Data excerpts
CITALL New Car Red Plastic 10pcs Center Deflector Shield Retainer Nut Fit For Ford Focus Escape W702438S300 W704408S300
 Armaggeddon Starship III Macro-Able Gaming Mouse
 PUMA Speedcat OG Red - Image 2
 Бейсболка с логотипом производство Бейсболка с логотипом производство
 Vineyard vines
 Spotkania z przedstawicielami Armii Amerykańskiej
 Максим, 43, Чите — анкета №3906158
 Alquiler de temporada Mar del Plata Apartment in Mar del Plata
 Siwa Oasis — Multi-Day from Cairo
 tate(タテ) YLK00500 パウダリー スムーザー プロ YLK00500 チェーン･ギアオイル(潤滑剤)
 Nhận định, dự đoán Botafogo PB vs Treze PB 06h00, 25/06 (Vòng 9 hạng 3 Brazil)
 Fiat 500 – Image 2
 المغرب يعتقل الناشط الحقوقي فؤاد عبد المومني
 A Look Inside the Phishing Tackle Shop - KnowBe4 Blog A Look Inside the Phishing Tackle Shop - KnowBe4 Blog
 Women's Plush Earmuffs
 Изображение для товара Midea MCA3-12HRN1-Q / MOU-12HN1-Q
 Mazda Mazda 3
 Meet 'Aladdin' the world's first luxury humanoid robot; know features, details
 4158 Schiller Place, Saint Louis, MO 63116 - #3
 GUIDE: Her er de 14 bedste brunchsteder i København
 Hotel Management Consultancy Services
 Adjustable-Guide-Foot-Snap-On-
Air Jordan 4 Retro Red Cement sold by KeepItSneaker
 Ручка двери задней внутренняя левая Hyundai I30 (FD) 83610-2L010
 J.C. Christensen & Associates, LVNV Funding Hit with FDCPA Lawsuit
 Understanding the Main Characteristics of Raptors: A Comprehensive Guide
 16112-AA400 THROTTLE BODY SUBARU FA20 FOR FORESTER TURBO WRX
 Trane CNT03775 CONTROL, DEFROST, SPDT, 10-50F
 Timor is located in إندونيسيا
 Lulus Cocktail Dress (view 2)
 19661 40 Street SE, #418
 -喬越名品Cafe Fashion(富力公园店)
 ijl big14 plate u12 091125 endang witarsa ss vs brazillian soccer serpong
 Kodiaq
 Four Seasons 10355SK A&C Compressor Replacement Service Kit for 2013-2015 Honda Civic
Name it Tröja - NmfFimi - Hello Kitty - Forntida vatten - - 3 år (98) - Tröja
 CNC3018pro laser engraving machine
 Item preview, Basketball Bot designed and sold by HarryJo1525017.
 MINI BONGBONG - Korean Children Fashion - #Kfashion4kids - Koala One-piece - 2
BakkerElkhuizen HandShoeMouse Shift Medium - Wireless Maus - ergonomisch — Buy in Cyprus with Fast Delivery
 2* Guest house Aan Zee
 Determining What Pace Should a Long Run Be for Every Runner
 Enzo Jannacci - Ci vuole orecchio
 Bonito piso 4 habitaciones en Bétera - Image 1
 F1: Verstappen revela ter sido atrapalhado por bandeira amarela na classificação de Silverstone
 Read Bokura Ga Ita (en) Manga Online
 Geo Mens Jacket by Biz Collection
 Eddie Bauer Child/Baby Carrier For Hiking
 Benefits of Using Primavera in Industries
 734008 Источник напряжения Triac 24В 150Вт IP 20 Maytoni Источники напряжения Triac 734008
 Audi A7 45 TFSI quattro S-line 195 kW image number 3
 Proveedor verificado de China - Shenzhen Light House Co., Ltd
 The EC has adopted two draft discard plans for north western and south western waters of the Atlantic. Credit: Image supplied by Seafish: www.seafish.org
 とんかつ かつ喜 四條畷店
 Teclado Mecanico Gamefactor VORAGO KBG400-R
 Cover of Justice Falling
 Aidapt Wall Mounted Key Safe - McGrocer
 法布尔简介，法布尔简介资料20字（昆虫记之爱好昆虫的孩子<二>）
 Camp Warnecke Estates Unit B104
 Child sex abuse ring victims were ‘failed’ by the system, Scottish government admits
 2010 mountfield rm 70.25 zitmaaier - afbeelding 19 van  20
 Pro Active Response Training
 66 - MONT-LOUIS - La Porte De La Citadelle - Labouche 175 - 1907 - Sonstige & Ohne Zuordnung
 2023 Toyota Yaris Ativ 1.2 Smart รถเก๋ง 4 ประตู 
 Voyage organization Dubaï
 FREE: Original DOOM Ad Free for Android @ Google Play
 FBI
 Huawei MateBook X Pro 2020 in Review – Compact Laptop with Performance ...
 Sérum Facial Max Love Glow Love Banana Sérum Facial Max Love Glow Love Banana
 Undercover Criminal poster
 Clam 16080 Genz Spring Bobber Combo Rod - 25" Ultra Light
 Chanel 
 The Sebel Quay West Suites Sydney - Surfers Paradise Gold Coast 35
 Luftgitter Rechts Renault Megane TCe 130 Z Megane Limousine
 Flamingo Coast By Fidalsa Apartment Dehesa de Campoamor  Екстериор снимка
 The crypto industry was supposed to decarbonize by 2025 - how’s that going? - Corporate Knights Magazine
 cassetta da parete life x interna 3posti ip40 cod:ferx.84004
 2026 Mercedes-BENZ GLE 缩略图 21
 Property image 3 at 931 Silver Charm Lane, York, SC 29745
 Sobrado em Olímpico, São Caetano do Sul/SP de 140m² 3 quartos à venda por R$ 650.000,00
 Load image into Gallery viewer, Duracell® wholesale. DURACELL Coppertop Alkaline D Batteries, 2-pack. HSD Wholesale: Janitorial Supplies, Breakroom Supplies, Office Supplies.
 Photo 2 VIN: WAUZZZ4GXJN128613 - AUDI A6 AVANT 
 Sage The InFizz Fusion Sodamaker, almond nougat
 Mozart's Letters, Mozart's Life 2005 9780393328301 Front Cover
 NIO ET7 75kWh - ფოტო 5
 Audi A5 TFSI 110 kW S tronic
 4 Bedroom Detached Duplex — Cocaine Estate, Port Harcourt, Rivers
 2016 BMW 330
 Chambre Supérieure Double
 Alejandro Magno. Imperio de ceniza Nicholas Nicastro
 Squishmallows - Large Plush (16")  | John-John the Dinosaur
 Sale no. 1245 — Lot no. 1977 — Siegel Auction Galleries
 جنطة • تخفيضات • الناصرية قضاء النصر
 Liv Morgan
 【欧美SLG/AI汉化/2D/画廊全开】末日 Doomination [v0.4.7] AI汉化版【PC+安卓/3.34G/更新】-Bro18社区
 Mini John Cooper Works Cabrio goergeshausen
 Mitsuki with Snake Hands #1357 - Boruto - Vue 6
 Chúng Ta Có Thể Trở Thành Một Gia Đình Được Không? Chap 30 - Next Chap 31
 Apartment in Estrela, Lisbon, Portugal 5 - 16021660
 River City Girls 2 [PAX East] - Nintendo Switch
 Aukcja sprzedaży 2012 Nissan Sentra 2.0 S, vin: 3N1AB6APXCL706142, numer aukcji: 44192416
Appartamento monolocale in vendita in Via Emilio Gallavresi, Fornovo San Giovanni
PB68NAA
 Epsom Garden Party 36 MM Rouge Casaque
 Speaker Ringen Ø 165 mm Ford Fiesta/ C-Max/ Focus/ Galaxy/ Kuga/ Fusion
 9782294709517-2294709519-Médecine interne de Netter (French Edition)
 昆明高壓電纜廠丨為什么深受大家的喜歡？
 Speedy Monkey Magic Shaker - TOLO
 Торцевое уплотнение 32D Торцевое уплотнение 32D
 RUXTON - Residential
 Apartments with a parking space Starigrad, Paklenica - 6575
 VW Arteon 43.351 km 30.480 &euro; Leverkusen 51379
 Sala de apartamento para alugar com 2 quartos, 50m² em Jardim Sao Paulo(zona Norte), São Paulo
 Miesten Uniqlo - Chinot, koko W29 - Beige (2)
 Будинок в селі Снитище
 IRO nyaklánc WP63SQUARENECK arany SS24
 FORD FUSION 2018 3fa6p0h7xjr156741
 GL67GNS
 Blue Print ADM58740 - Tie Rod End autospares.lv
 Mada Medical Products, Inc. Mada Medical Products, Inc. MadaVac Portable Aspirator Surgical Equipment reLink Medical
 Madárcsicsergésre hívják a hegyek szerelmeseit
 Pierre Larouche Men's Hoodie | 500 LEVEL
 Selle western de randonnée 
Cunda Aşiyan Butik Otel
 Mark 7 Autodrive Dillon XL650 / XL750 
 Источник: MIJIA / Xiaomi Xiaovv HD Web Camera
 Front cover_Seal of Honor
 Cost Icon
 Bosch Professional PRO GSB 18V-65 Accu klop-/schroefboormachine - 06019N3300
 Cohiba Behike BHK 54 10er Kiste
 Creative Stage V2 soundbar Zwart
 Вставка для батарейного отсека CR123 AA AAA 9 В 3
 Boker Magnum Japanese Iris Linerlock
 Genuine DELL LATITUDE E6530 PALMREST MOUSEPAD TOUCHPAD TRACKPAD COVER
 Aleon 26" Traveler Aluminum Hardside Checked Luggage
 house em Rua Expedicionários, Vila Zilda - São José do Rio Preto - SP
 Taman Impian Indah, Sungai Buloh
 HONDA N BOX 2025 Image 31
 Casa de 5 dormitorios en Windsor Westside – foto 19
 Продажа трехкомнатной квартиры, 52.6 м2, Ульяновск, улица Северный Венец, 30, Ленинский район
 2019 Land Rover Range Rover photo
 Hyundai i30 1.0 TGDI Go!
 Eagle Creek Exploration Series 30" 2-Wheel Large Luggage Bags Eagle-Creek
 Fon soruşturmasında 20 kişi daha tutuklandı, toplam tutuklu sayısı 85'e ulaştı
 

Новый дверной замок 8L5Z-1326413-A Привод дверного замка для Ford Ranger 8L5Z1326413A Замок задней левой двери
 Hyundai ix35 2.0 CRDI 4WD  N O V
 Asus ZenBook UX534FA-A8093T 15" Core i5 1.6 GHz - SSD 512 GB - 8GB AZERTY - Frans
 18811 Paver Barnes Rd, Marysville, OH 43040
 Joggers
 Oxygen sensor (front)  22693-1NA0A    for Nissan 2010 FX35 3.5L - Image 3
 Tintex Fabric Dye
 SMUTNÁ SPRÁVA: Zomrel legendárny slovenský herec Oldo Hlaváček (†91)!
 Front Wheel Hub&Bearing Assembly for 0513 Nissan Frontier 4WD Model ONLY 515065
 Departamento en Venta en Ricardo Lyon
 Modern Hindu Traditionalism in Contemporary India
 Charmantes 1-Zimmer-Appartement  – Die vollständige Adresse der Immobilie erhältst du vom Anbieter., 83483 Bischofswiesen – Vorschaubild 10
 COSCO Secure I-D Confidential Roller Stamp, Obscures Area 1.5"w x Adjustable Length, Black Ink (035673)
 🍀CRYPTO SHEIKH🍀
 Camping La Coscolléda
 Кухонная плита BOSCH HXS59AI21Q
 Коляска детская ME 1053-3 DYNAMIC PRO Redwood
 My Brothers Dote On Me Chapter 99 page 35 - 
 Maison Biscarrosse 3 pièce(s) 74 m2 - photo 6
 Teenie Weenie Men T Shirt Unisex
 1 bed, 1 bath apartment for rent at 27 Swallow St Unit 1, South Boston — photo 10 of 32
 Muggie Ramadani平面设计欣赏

> _ACTIVITY_: The lines above, starting at the one with "Flamingo Coast By" and ending at the one with "Sobrado em Olímpico, São", are the only ones to return, exactly as written.

> _RESULT OF THIS EXERCISE_:
 Flamingo Coast By Fidalsa Apartment Dehesa de Campoamor  Екстериор снимка
 The crypto industry was supposed to decarbonize by 2025 - how’s that going? - Corporate Knights Magazine
 cassetta da parete life x interna 3posti ip40 cod:ferx.84004
 2026 Mercedes-BENZ GLE 缩略图 21
 Property image 3 at 931 Silver Charm Lane, York, SC 29745
 Sobrado em Olímpico, São Caetano do Sul/SP de 140m² 3 quartos à venda por R$ 650.000,00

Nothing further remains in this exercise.